▶ _Data shown_:
_ _ _

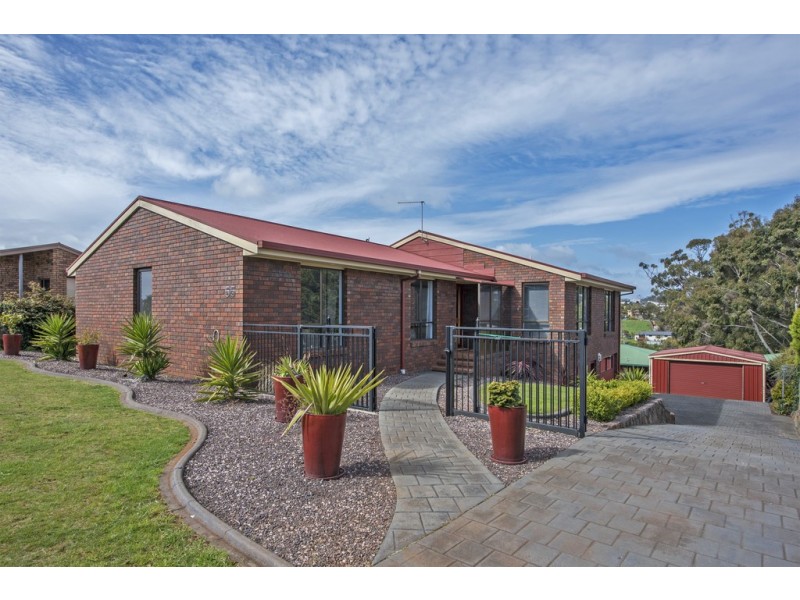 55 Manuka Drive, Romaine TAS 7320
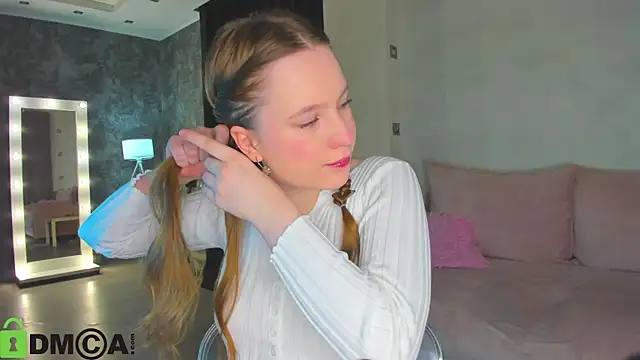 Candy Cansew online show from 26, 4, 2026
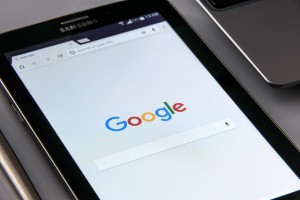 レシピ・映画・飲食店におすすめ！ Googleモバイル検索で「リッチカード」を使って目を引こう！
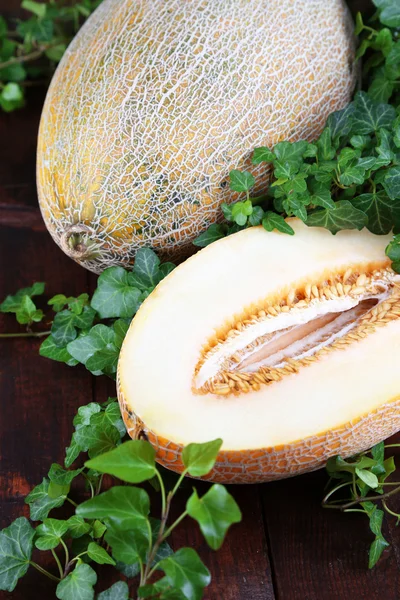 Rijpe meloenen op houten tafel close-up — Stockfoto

_ _ _

▶ _Task to complete_: Every line from the one containing "レシピ・映画・飲食店におすす" through the last line of the data, both included, is to be repeated exactly; the pictures are to be left out.

▶ _The completed task_:
 レシピ・映画・飲食店におすすめ！ Googleモバイル検索で「リッチカード」を使って目を引こう！
 Rijpe meloenen op houten tafel close-up — Stockfoto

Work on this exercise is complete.